Выбрать главу

Одутловатый толстяк, инженер, приходившийся ей мужем, небрежно вышел к влюбленному мистику.

Но сконфуженный студент, спотыкаясь о символы и ковры, поспешил убежать от зевающего толстяка.

Там, в цветах у ее подъезда, подглядел, как в санях она пролетела куда-то.

За нею, за ней, в снежный хохот метелей, бросался за нею куда-то.

Из-за черных дверей в смертный саван метели бросались куда-то.

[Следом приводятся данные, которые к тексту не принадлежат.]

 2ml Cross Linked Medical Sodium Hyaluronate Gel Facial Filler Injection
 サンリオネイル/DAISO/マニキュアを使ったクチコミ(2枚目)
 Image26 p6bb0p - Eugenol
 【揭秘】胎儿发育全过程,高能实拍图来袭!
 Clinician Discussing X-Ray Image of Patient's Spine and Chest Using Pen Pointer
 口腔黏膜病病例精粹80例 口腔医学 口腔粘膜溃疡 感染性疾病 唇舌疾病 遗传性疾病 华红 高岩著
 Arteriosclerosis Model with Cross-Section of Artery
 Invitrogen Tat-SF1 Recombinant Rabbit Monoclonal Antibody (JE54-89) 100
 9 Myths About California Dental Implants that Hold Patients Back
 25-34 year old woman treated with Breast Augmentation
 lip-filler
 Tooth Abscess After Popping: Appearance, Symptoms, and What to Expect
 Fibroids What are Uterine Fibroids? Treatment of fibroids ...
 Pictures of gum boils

Остуженный мертвец пурги, всех пеленая, шушукал бледным муаром савана, развеивал саван, повисал над карнизом ледяной костью.

Мягкие сани, в беспредельность пурги ускользая, снег взмывали, брызгали дымным сребром, визжали и пропадали.

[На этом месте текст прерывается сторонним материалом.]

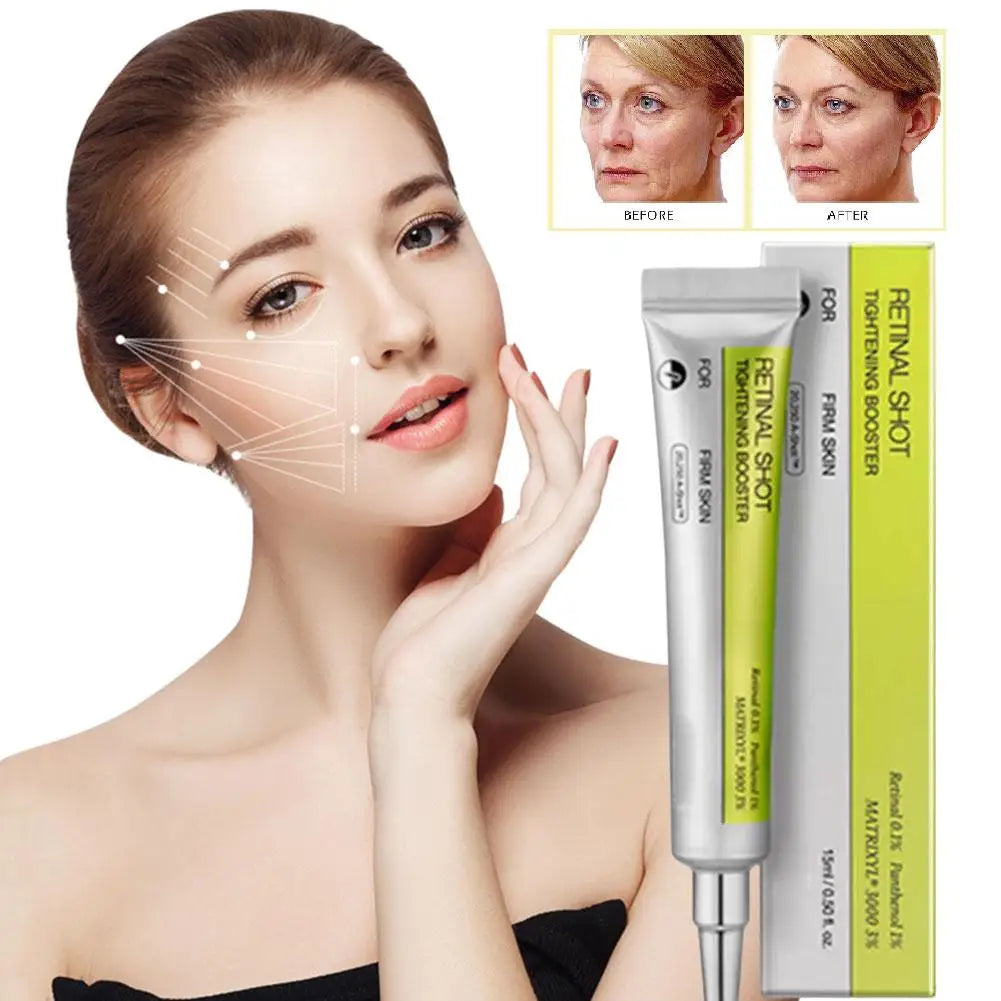 Set de tratamiento facial, reforzamiento para la piel con retinol ESSENCE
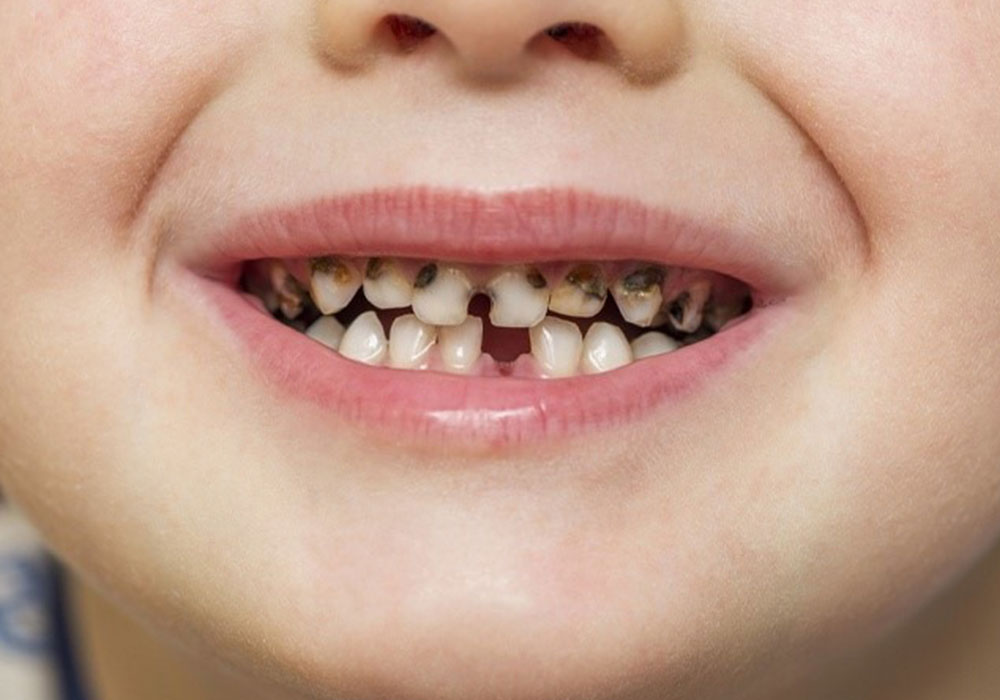 Smile Issue The Tooth Bay
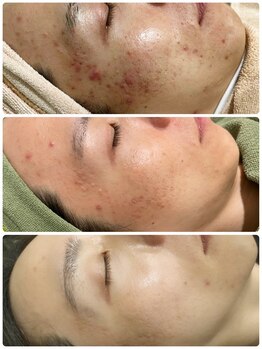 メンズサロンエヌエー(MEN'S SALON NA)/【肌質改善】ハーブピーリング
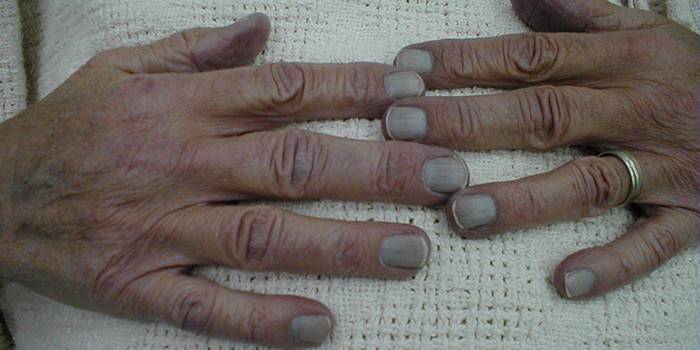 ตัวเขียวผิวมือ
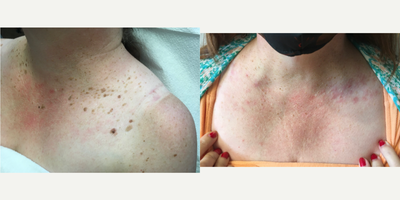 Skin Rejuvenation before and after photo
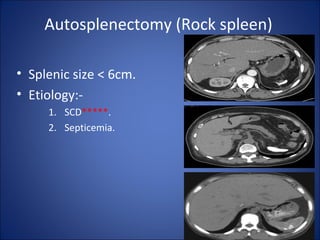 Spleen; Imaging Anatomy, Investigations and Pathology | PPT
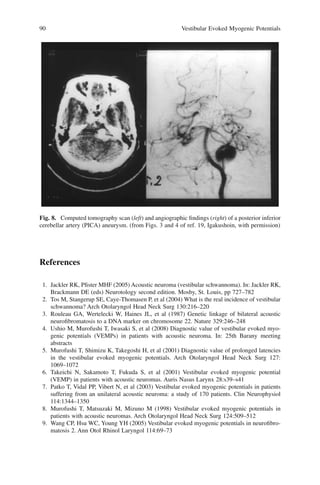 90 Vestibular Evoked Myogenic Potentials
References
1. Jackler RK, Pﬁster MHF (2005) Acoustic neuroma (vestibular schwannoma). In: Jackler RK,
Brackmann DE (eds) Neurotology second edition. Mosby, St. Louis, pp 727–782
2. Tos M, Stangerup SE, Caye-Thomasen P, et al (2004) What is the real incidence of vestibular
schwannoma? Arch Otolaryngol Head Neck Surg 130:216–220
3. Rouleau GA, Wertelecki W, Haines JL, et al (1987) Genetic linkage of bilateral acoustic
neuroﬁbromatosis to a DNA marker on chromosome 22. Nature 329:246–248
4. Ushio M, Murofushi T, Iwasaki S, et al (2008) Diagnostic value of vestibular evoked myo-
genic potentials (VEMPs) in patients with acoustic neuroma. In: 25th Barany meeting
abstracts
5. Murofushi T, Shimizu K, Takegoshi H, et al (2001) Diagnostic value of prolonged latencies
in the vestibular evoked myogenic potentials. Arch Otolaryngol Head Neck Surg 127:
1069–1072
6. Takeichi N, Sakamoto T, Fukuda S, et al (2001) Vestibular evoked myogenic potential
(VEMP) in patients with acoustic neuromas. Auris Nasus Larynx 28:s39–s41
7. Patko T, Vidal PP, Vibert N, et al (2003) Vestibular evoked myogenic potentials in patients
suffering from an unilateral acoustic neuroma: a study of 170 patients. Clin Neurophysiol
114:1344–1350
8. Murofushi T, Matsuzaki M, Mizuno M (1998) Vestibular evoked myogenic potentials in
patients with acoustic neuromas. Arch Otolaryngol Head Neck Surg 124:509–512
9. Wang CP, Hsu WC, Young YH (2005) Vestibular evoked myogenic potentials in neuroﬁbro-
matosis 2. Ann Otol Rhinol Laryngol 114:69–73
Fig. 8. Computed tomography scan (left) and angiographic ﬁndings (right) of a posterior inferior
cerebellar artery (PICA) aneurysm. (from Figs. 3 and 4 of ref. 19, Igakushoin, with permission)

Грустно призыв, из пурги вырастая, бил среброрунной струей, грустно ласкал, грустно носил.

В магазине модного платья, меж грустнорунных атласов ныряя, она выбирала муар, склонялась и выпрямлялась.

Его бледные руки тянулись в пургу, как и в детские годы когда-то.

Улыбались друзья; он не видел друзей: пробежал мимо них куда-то.

Будто звали его, как и в детские годы, куда-то.

Подруга клонила к Светловой головку страусовыми перьями, прижимая муфту к лицу, ей лукаво шептала.

Светлова клонила к подруге головку страусовыми перьями, ее меховой руки коснулась маленькой муфтой.

Лукавым смехом клонились друг к другу и страусовыми перьями; оглядываясь на прохожего, шептали друг другу: «Вот он, вот он!»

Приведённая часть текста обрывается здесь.